To manage server load, the company has throttled usage to a “limited daily allowance” of approximately 30 minutes of active voice conversation per user per day. This cap may change as inference hardware efficiency improves. OpenAI is also rolling out five new voice options—Breeze, Cove, Ember, Juniper, and Vale—in addition to the existing Sky, Breeze, and Cove. Each voice was trained on a distinct actor’s audio with licensing agreements.

How It Compares to Prior Voice Features

The former voice mode, launched in September 2023, used Whisper for speech-to-text, GPT-4 (or GPT-3.5) for response generation, and an in-house text-to-speech model based on TorToiSe. That pipeline broke down when users wanted to ask follow-ups in a heated discussion: the conversational flow was clunky because the entire transcript had to be re-sent to the language model after each voice round trip. AVM eliminates this by streaming the audio directly into GPT-4o’s autoregressive decoder, allowing the model to maintain a coherent thread over multi-turn voice interactions without visible digressions.

Apple’s Siri and Amazon’s Alexa rely on similar cascaded architectures—voice-to-text, NLU, text-to-speech—and have latencies closer to 800 ms to 1.5 seconds per turn. Google’s Gemini Live, announced in May 2024, also promises a multimodal voice mode, but as of this writing it is still in limited beta and does not support real-time interruption handling. OpenAI claims AVM is the first commercially deployed voice AI that can simulate emotional range without explicit scripted intents.

Safety and Guardrails

OpenAI has implemented several safety measures specific to the Advanced Voice Mode. The system uses a separate “voice mimicry classifier” that detects and blocks any attempt to impersonate a specific person—for example, producing a voice that matches a user’s own timbre for phishing. The model is also prohibited from generating “sensitive” sounds like sirens, crying babies, or sexual noises. During internal red-teaming, the classifier stopped 92% of impersonation attempts, but three edge cases during early testing allowed the model to mimic a user after seven uninterrupted seconds of audio input.

Additionally, OpenAI added a watermark to all generated audio outputs, embedding a unique digital signature that can later be traced to a specific user session. This watermark is imperceptible to humans but can be read by the company’s forensic tool.

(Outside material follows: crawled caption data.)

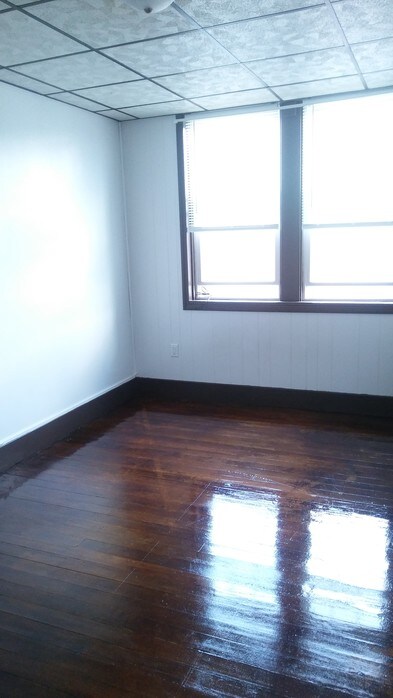 Bedroom - 1601 Bell Ave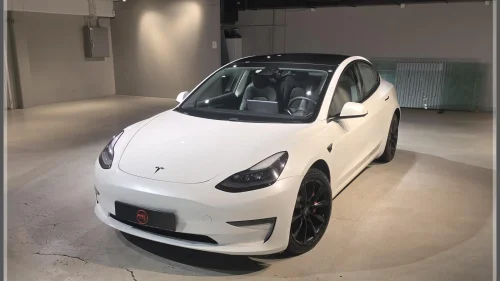 TESLA Model 3 Modell 3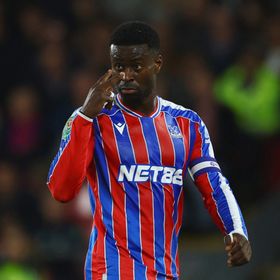 مدافع كريستال بالاس يشعل "معركة" بين أندية أوروبية كبرى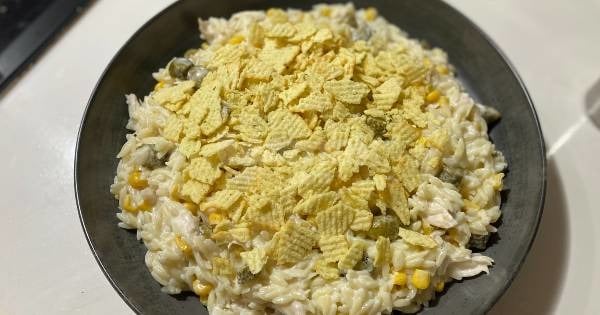tavuklu-cipsli-salata4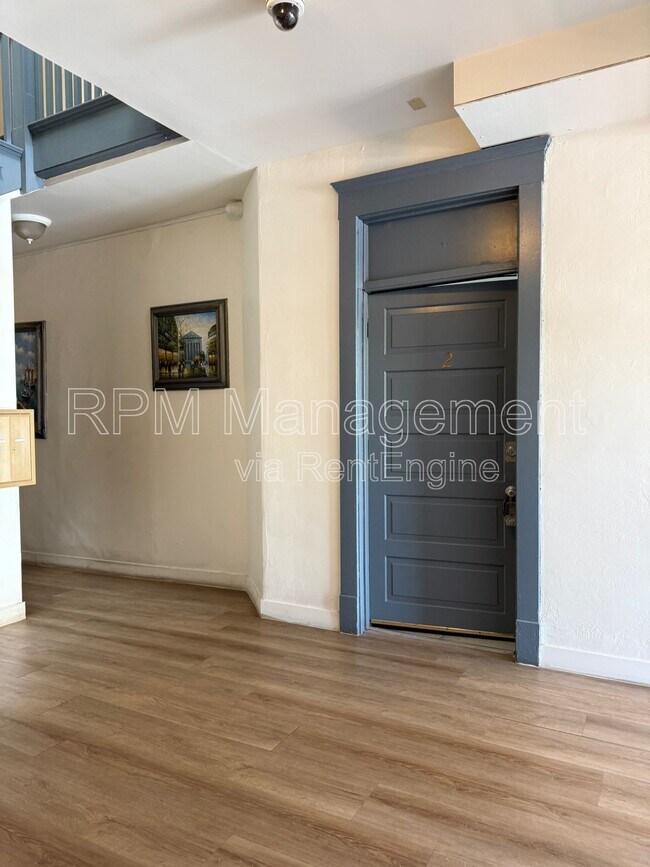 Foto del edificio - 1114 N Poinsettia Pl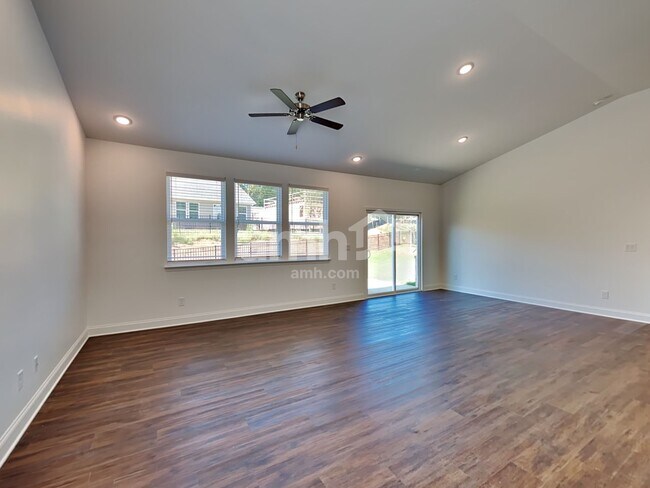 Building Photo - 2110 Twisted Creek Ln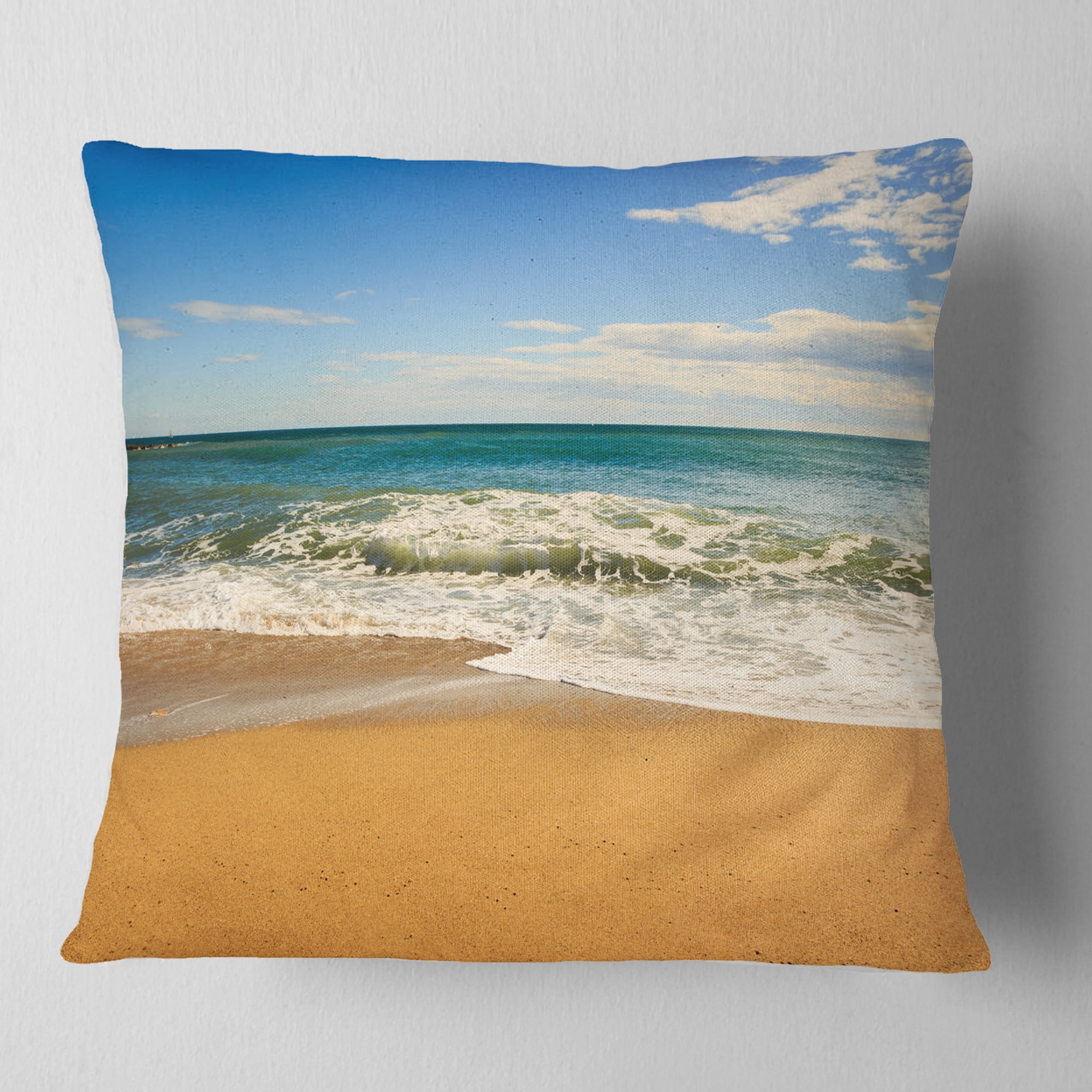 Designart Daylight Relaxation - Landscape Photography Throw Pillow - 16x16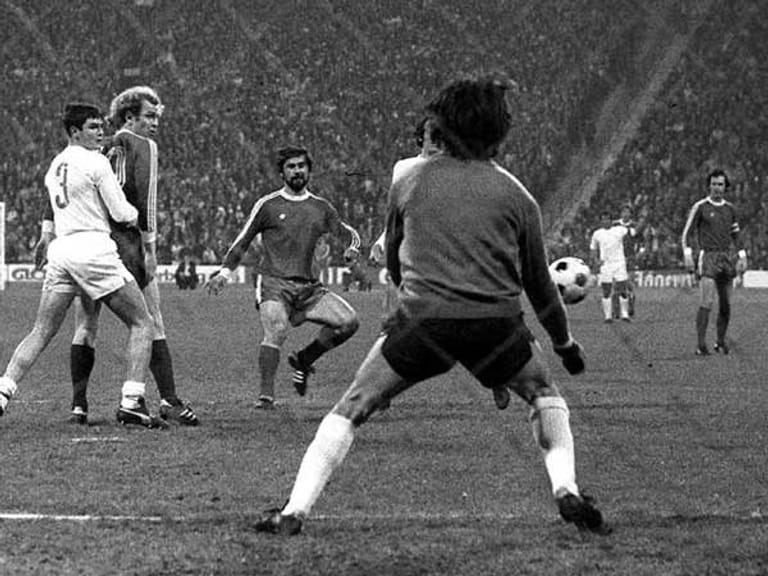 "Alles, was wir geworden sind, alle Erfolge, haben wir nur dem Gerd zu verdanken", sagt Franz Beckenbauer immer wieder. Nicht übertrieben: Gerd Müller erzielt den einzigen Treffer im Hinspiel und ballert 14 Tage später beim 2:0-Sieg in München die Bayern im Alleingang ins Finale. Links im Bild: Uli Hoeneß.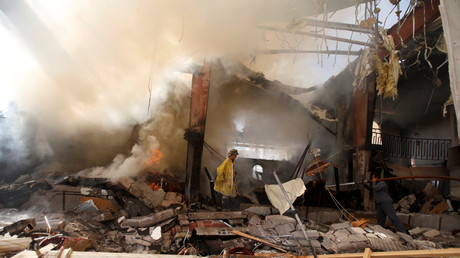 Les pompiers éteignent un incendie causé par une frappe aérienne de la coalition arabe dans la capitale yéménite Sanaa, le 9 octobre 2016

The company has also restricted the feature from being used in emergency contexts: if a user says “I’m having a heart attack,” the model is trained to respond “I’m not a medical professional; please call 911” rather than providing instructions.

Potential Use Cases and Implications

Early testers have used AVM for language tutoring—correcting pronunciation and rhythm in real time—and for therapeutic-style reflection, where the model adjusts its tone to match the user’s emotional state. Some developers are exploring AVM as a replacement for interactive voice response systems in customer support, but OpenAI’s current API terms prohibit reselling voice mode as a standalone product. The feature also raises privacy questions: all audio clips are temporarily stored on OpenAI’s servers for model improvement unless the user opts out in settings. The company’s privacy policy notes that audio recordings may be reviewed by human annotators but only after removing personally identifiable information.

With AVM, conversational AI has crossed a threshold where the medium itself—tone, timing, emotion—becomes part of the transmitted information rather than a side effect. Whether that leads to deeper user engagement or new forms of manipulation depends on how quickly guardrails evolve alongside the technology.